Vertex AI users often leverage large pre-trained models to generate embeddings for similarity search or retrieval augmented generation. Each embedding generated or retrieved incurs a fee, and unnecessary or redundant generation can inflate costs. Optimizing data pipelines to eliminate duplicate computations, such as by caching previous embeddings or only updating representations upon data changes, offers immediate savings.
Batch processing and judicious selection of the data to be embedded can also control charges. For instance, embedding only the most relevant or frequently accessed data rather than the entire corpus can significantly decrease volume-based expenses. Regular audits of retrieval workflow logs can identify unused or rarely accessed embeddings, guiding pruning strategies to further manage spend.
Selecting the right model family has a direct impact on cost efficiency. Vertex AI offers a variety of models with different capabilities and associated pricing, ranging from lightweight models suitable for high-throughput scenarios to premium models for complex tasks requiring higher quality. By matching use cases to the most cost-effective model, organizations can prevent overpaying for unnecessary capability.
It’s crucial to benchmark model performance against project requirements before scaling usage. Prototyping with small workloads can help determine if smaller or older-generation models suffice with minimal impact on accuracy or latency. Regular reviews should reassess model choices as newer, more optimized offerings become available, potentially unlocking further savings without sacrificing output quality.
Frequent, individual inference requests made to Vertex AI endpoints can accumulate high costs. Implementing caching for repeated queries and batching inference jobs allows organizations to reduce the number of API calls and fully utilize endpoint throughput. Batching enables multiple requests to be processed simultaneously, maximizing the efficiency of computational resources and driving down per-request expenses.

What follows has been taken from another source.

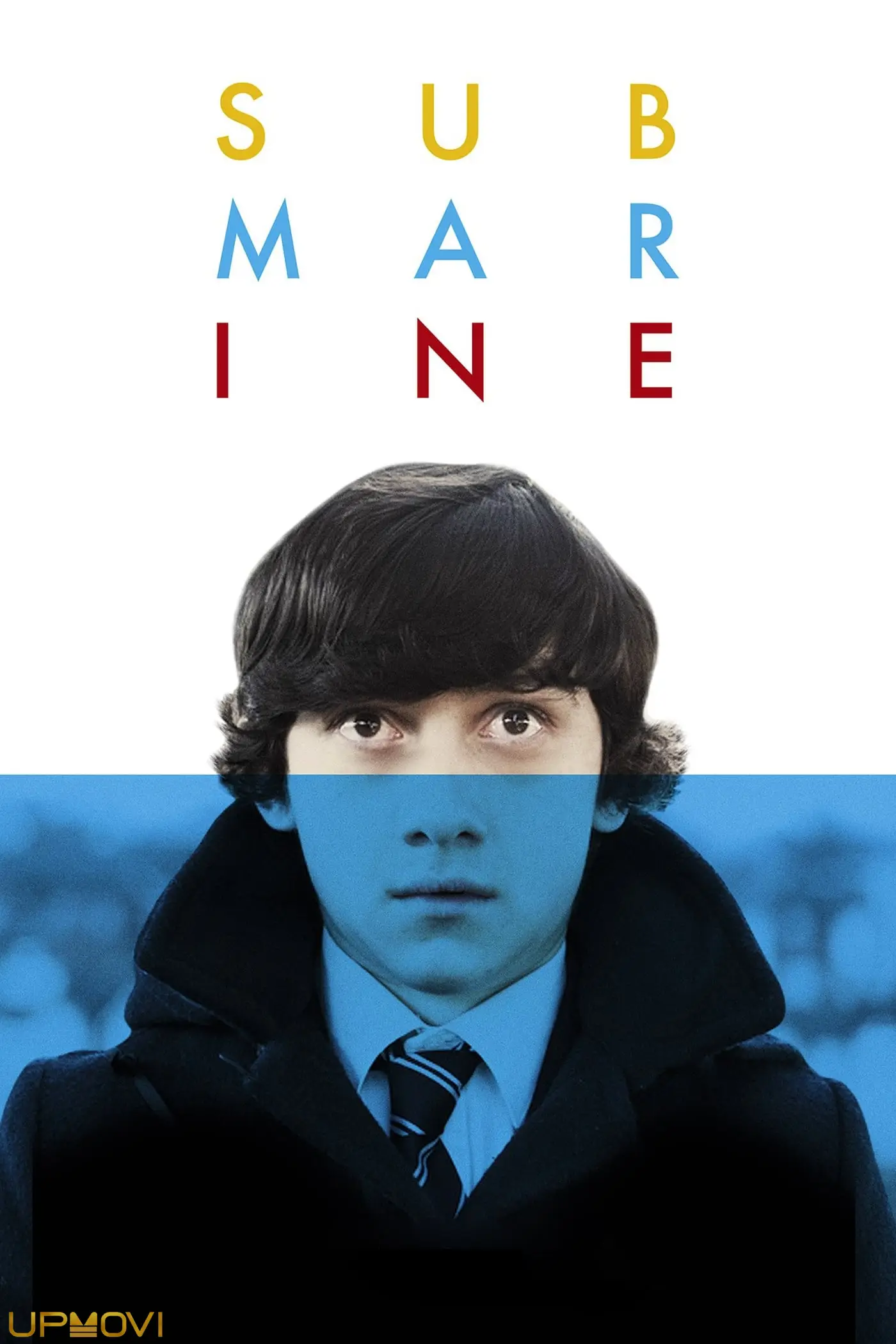 Submarine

Automated cache management and configurable batch intervals help maintain response times while moderating expenditures. Organizations should monitor endpoint logs for frequent or redundant requests and test different batching configurations to find the optimal balance between user experience and operational cost. Adding metrics dashboards to track these changes facilitates ongoing optimization as traffic patterns evolve.

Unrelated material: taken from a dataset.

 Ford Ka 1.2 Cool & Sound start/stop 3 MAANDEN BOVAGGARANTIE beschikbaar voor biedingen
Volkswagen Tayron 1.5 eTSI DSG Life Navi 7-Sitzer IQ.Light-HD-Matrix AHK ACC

Vertex AI pricing can vary by region due to differences in available hardware, network egress, and integration dependencies. Deploying endpoints or workloads only in essential regions helps avoid duplicative spending. Geo-fencing workloads to where data and users reside reduces latency and unnecessary inter-region data transfer, contributing to predictable and localized cost management.
Monitoring deployment footprints across projects is also crucial for preventing resource sprawl. Automated tooling can identify idle or underutilized endpoints, prompting decommissioning or regional consolidation. Organizations should periodically audit regional resource allocation and align deployment policies with usage patterns to ensure they are not incurring overlapping charges for the same workload in multiple geographies.

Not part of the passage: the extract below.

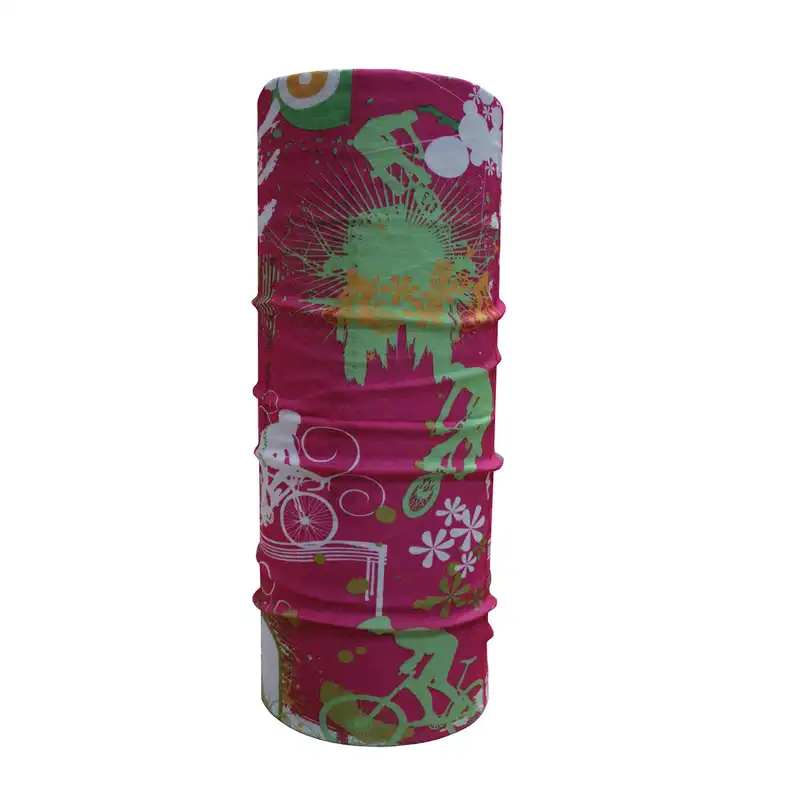 دستمال سر و گردن مدل TB B25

Vertex AI offers powerful tools for developing and deploying machine learning systems, but costs can escalate quickly without careful management. Understanding the pricing model for each service, from generative AI and custom training to prediction, pipelines, and supporting infrastructure, is essential for making informed architectural and operational decisions. By aligning model choices, workload strategies, and optimization practices, teams can take full advantage of Vertex AI’s capabilities while keeping costs under control.